Superior Debates PTO Allowance For Employees Who COVID-Quarantine
The COVID-19 Pandemic brought a lot of changes to many different avenues of our lives; some of those changes were temporary in nature while others have become more-permanent.
One of those temporary changes might become a little more permanent for City of Superior employees.
A proposal made by Superior Mayor Jim Paine would change the way that the city treats the necessary, mandated time off that employees would need to take for a quarantine period. When the COVID-19 Pandemic began, the city quickly moved to allow infected employees to quarantine at home while still getting paid for their time. According to the details shared in an article in the Superior Telegram [paywall], those quarantining employees didn't need to utilize their Personal Time Off (PTO); they were "simply paid their regular wage", "at times for up to two weeks".

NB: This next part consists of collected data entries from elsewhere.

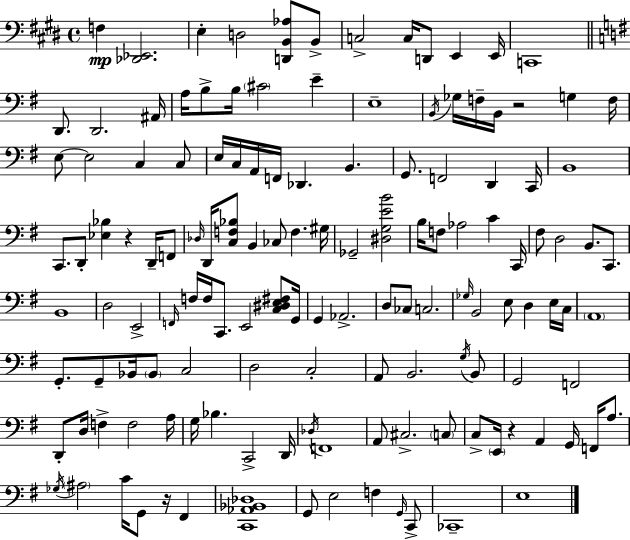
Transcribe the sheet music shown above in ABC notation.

X:1
T:Untitled
M:4/4
L:1/4
K:E
F, [_D,,_E,,]2 E, D,2 [D,,B,,_A,]/2 B,,/2 C,2 C,/4 D,,/2 E,, E,,/4 C,,4 D,,/2 D,,2 ^A,,/4 A,/4 B,/2 B,/4 ^C2 E E,4 B,,/4 _G,/4 F,/4 B,,/4 z2 G, F,/4 E,/2 E,2 C, C,/2 E,/4 C,/4 A,,/4 F,,/4 _D,, B,, G,,/2 F,,2 D,, C,,/4 B,,4 C,,/2 D,,/2 [_E,_B,] z D,,/4 F,,/2 _D,/4 D,,/4 [C,F,_B,]/2 B,, _C,/2 F, ^G,/4 _G,,2 [^D,G,EB]2 B,/4 F,/2 _A,2 C C,,/4 ^F,/2 D,2 B,,/2 C,,/2 B,,4 D,2 E,,2 F,,/4 F,/4 F,/4 C,,/2 E,,2 [C,^D,E,^F,]/2 G,,/4 G,, _A,,2 D,/2 _C,/2 C,2 _G,/4 B,,2 E,/2 D, E,/4 C,/4 A,,4 G,,/2 G,,/2 _B,,/4 _B,,/2 C,2 D,2 C,2 A,,/2 B,,2 G,/4 B,,/2 G,,2 F,,2 D,,/2 D,/4 F, F,2 A,/4 G,/4 _B, C,,2 D,,/4 _D,/4 F,,4 A,,/2 ^C,2 C,/2 C,/2 E,,/4 z A,, G,,/4 F,,/4 A,/2 _G,/4 ^A,2 C/4 G,,/2 z/4 ^F,, [C,,_A,,_B,,_D,]4 G,,/2 E,2 F, G,,/4 C,,/2 _C,,4 E,4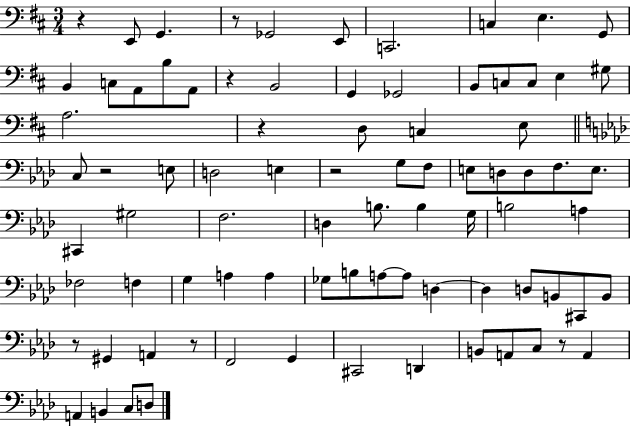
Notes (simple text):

R/q E2/e G2/q. R/e Gb2/h E2/e C2/h. C3/q E3/q. G2/e B2/q C3/e A2/e B3/e A2/e R/q B2/h G2/q Gb2/h B2/e C3/e C3/e E3/q G#3/e A3/h. R/q D3/e C3/q E3/e C3/e R/h E3/e D3/h E3/q R/h G3/e F3/e E3/e D3/e D3/e F3/e. E3/e. C#2/q G#3/h F3/h. D3/q B3/e. B3/q G3/s B3/h A3/q FES3/h F3/q G3/q A3/q A3/q Gb3/e B3/e A3/e A3/e D3/q D3/q D3/e B2/e C#2/e B2/e R/e G#2/q A2/q R/e F2/h G2/q C#2/h D2/q B2/e A2/e C3/e R/e A2/q A2/q B2/q C3/e D3/e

That procedure was set in place by the State of Emergency that was declared by the city. The emergency declaration ended on June 1, 2021 and with it also went the variance for what to do about employees, quarantine, wages, and PTO.
To rectify the situation, Paine has submitted a series of proposals that would specifically address the situation. He explains:
"It always bothered me that we were requiring people to take PTO. There were some instances where people didn't have enough PTO to cover [a necessary quarantine]."
Here is a run-down of the five proposals that Mayor Jim Paine is looking to have the city implement:
- Employees with a documented positive case of COVID-19 would be placed on administrative leave for up to five days following the infection.
- Quarantines lasting longer than five days would require the use of PTO or unpaid time.
- Subsequent infections would require the use of PTO or unpaid time.
- Employees that can document a case of COVID-19 between June 1, 2021 and the time the policy is adopted could be credited for up to five days of PTO.
- All policies expire at Midnight on December 31, 2022.
It's worth nothing that last proposal - which wouldn't make the changes permanent (i.e. they would have a "sunset"; any extension would need to be re-addressed at that time).
Superior Mayor Jim Paine's proposals were submitted to the Human Resources Committee for review.